EXERCISE DESCRIPTION = When you reproduce the data, keep every word exactly as it stands and leave the pictures out.

━━━ DATASET EXCERPT ━━━

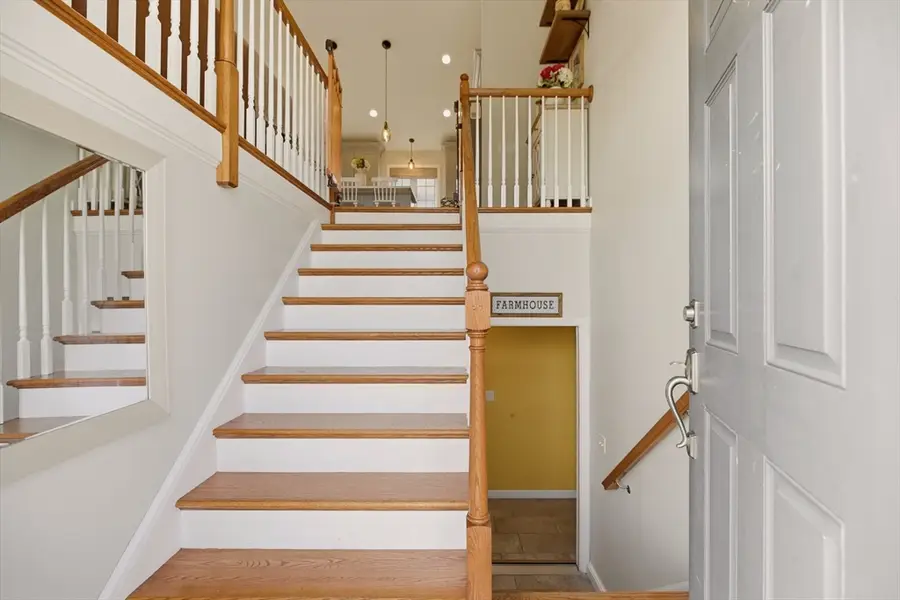 341 Courtney St, Fall River, MA 02720 - #2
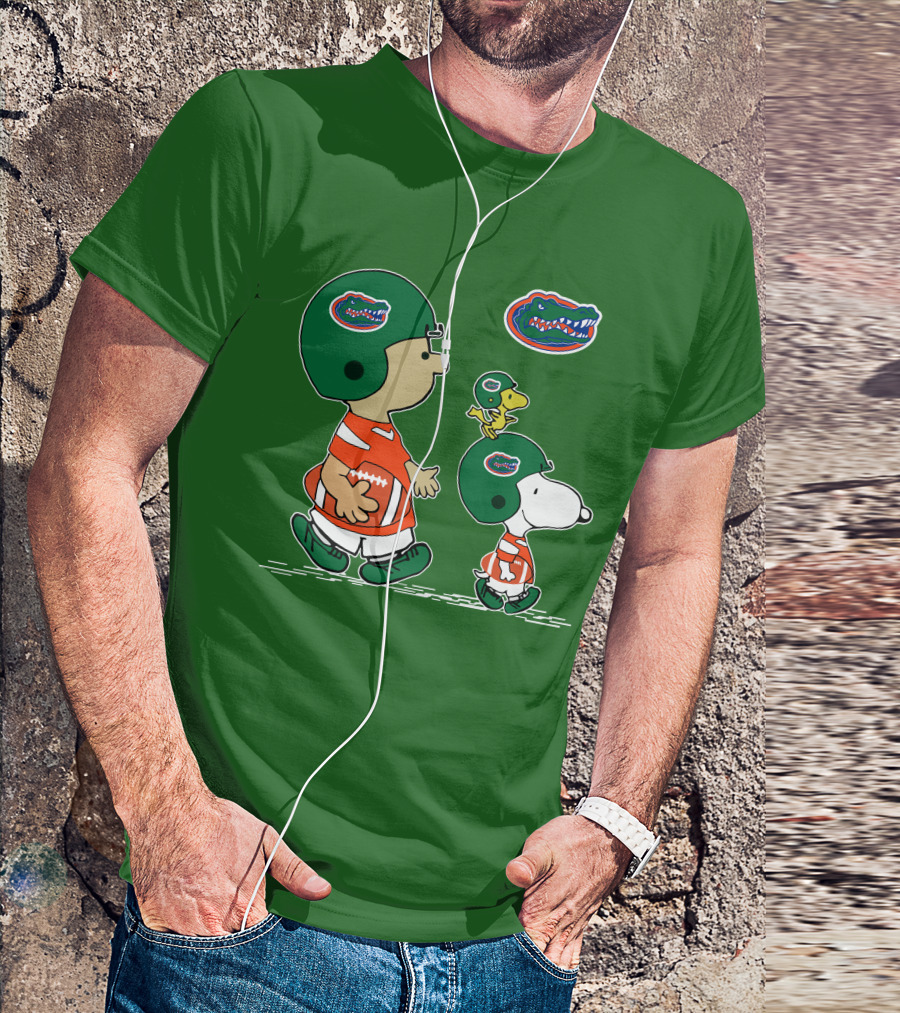 Florida Gators Snoopy And Woodstock Football Helmets T-Shirt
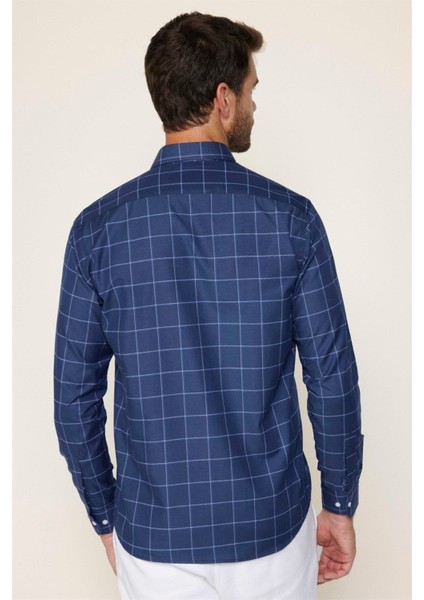 Erkek Regular Fit Klasik Kesim Düğmeli Yaka Küçük Kareli Pamuklu Lacivert Gömlek fırsatları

━━━

RESPONSE AREA =
 341 Courtney St, Fall River, MA 02720 - #2
 Florida Gators Snoopy And Woodstock Football Helmets T-Shirt
 Erkek Regular Fit Klasik Kesim Düğmeli Yaka Küçük Kareli Pamuklu Lacivert Gömlek fırsatları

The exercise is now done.